ACTION ITEM:
Your reply must hold the lines from the one containing "2004 CHEVROLET TRAILBLAZER" to the end of the entries, copied exactly, with pictures excluded.

DATA SECTION:

────────────────

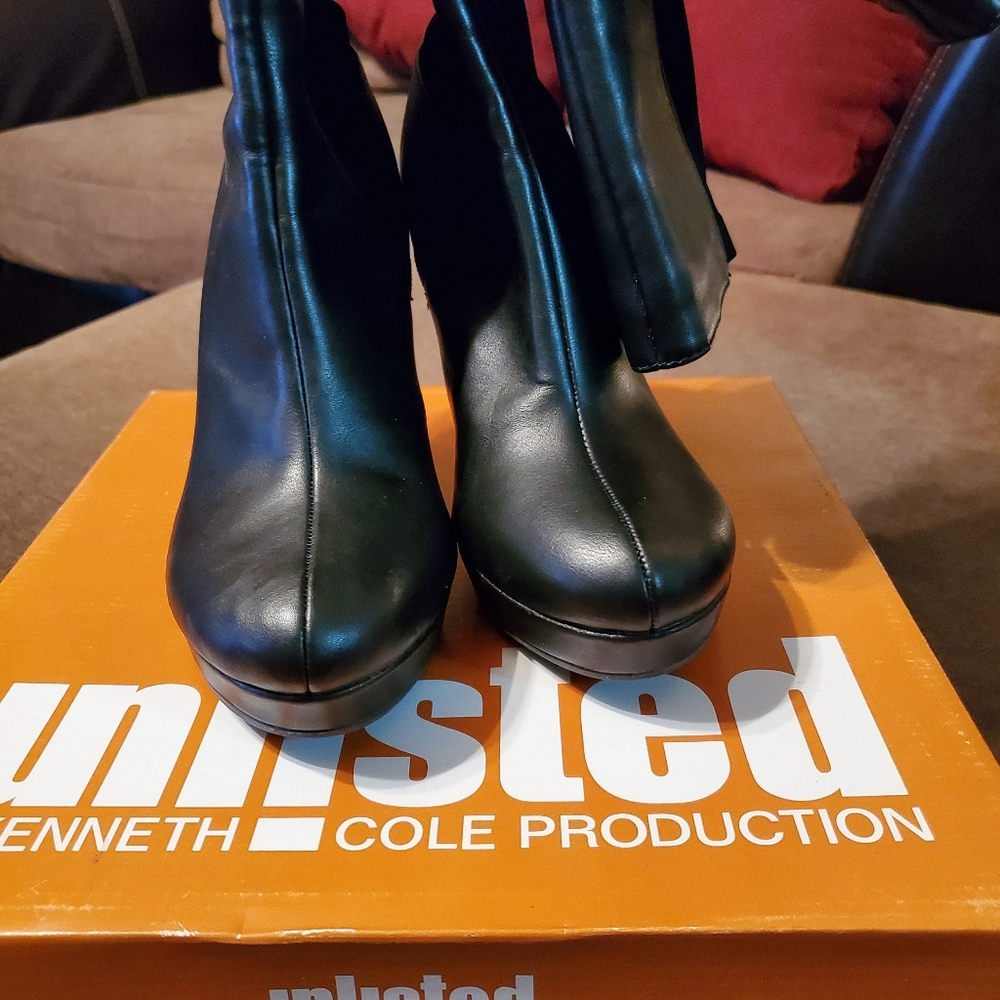 Women's Black Unlisted (File In Two) Boots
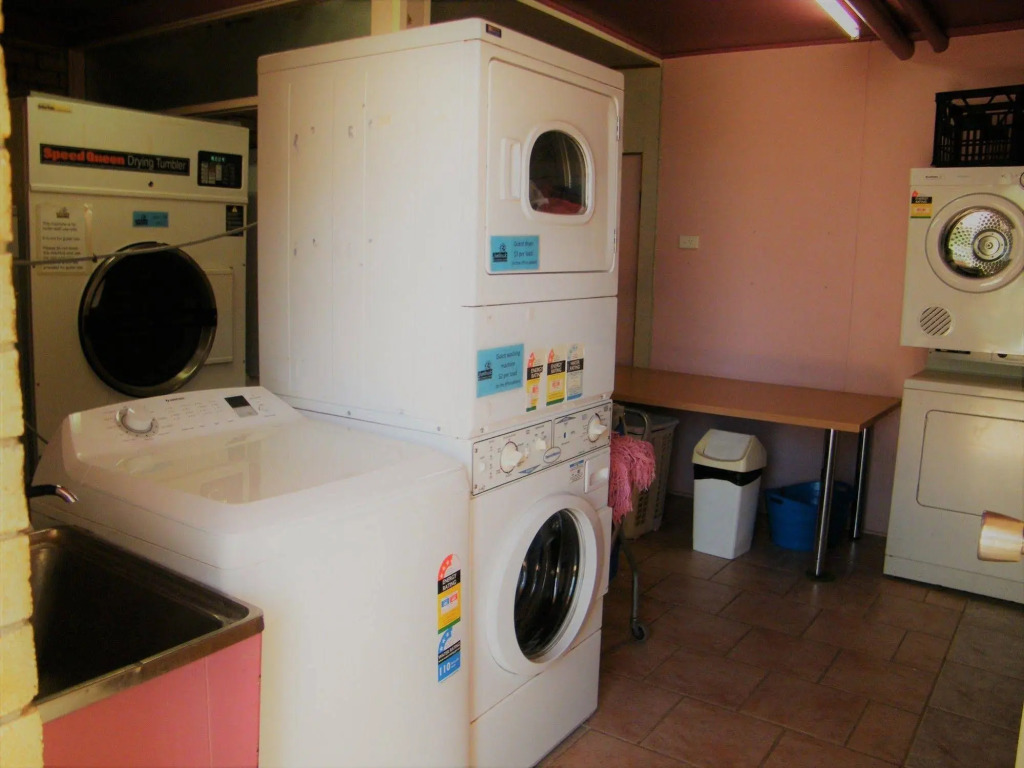 Jumbuck Motel - Oil Friendly Price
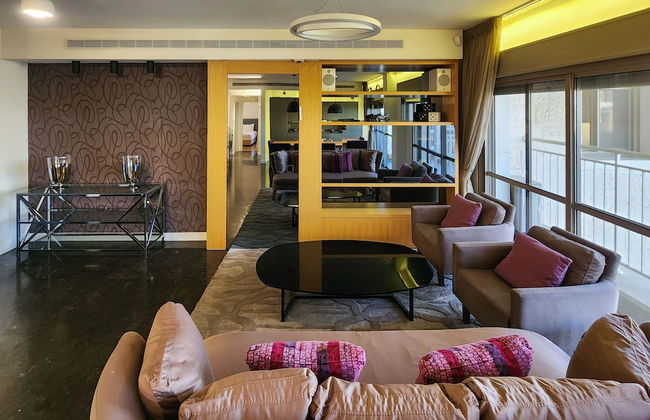 Holiday Luxury Home by FeelHome - Photo 11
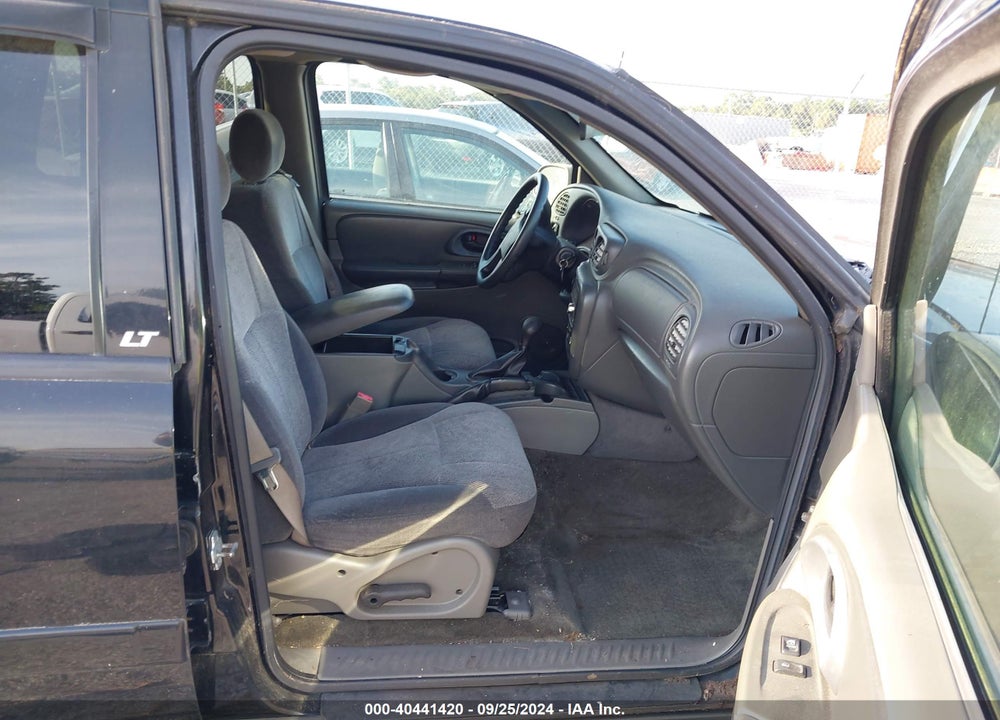 2004 CHEVROLET TRAILBLAZER LT VIN: 1GNDT13S442305191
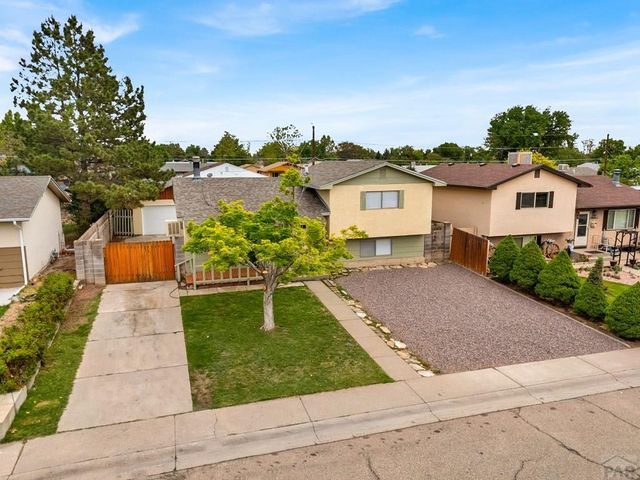 3825 Azalea St, Pueblo, CO 81005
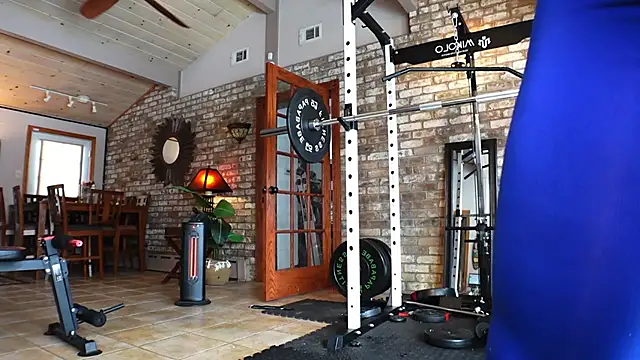 Snapshot of LushianaFitness chatting on January 6, 3:40 pm LushianaFitness online show from January 6, 3:40 pm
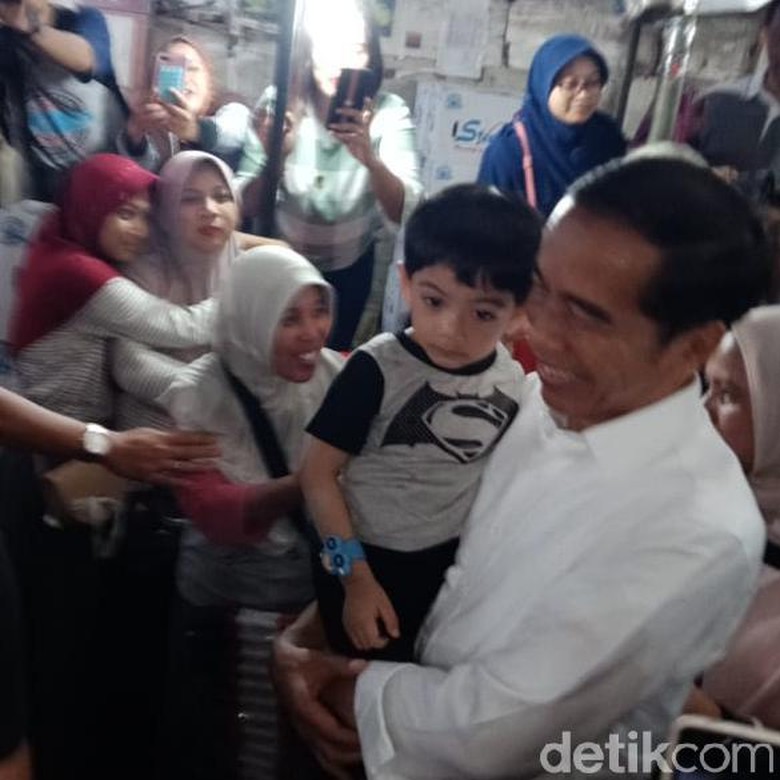 Jalan-jalan ke Pasar Gede Solo, Jokowi Bagikan Bingkisan Lebaran Jalan-jalan ke Pasar Gede Solo, Jokowi Bagikan Bingkisan Lebaran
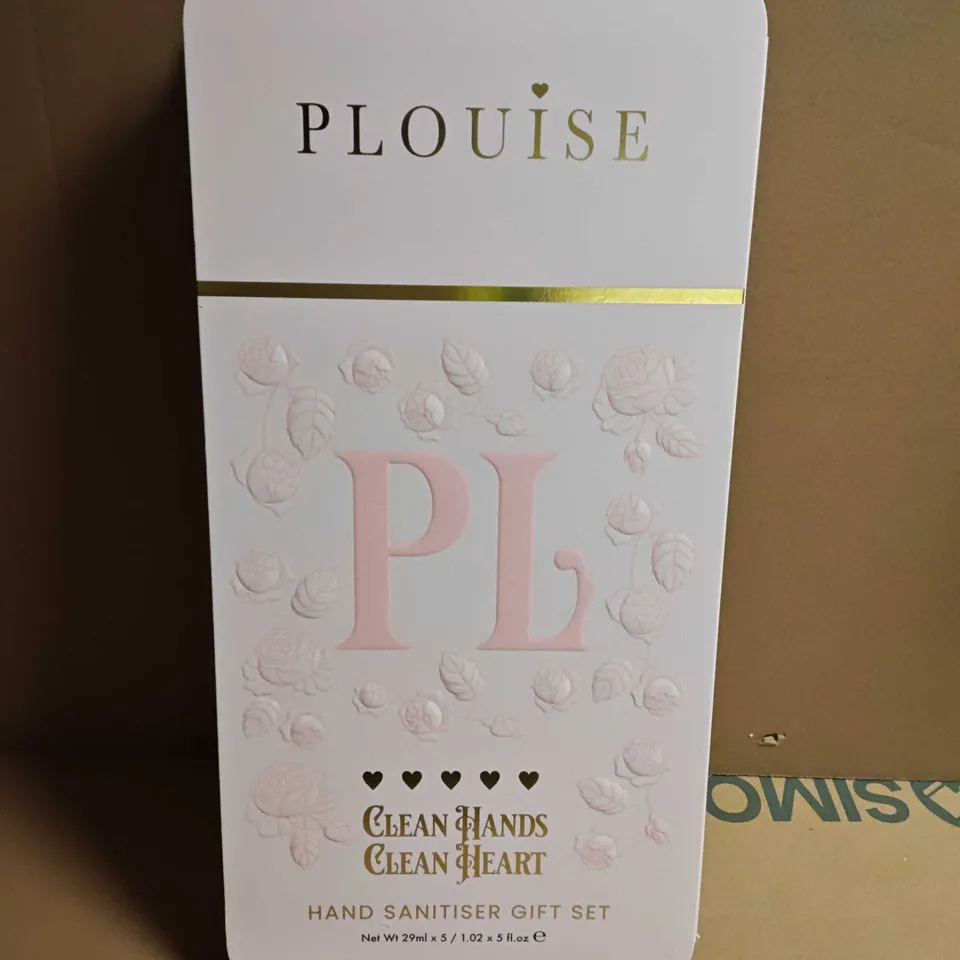 PLOUISE CLEAN HANDS CLEAN HEART HAND SANITISER GIFT SET (5 X 29ML)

────────────────

SOLUTION TO THE PROBLEM:
 2004 CHEVROLET TRAILBLAZER LT VIN: 1GNDT13S442305191
 3825 Azalea St, Pueblo, CO 81005
 Snapshot of LushianaFitness chatting on January 6, 3:40 pm LushianaFitness online show from January 6, 3:40 pm
 Jalan-jalan ke Pasar Gede Solo, Jokowi Bagikan Bingkisan Lebaran Jalan-jalan ke Pasar Gede Solo, Jokowi Bagikan Bingkisan Lebaran
 PLOUISE CLEAN HANDS CLEAN HEART HAND SANITISER GIFT SET (5 X 29ML)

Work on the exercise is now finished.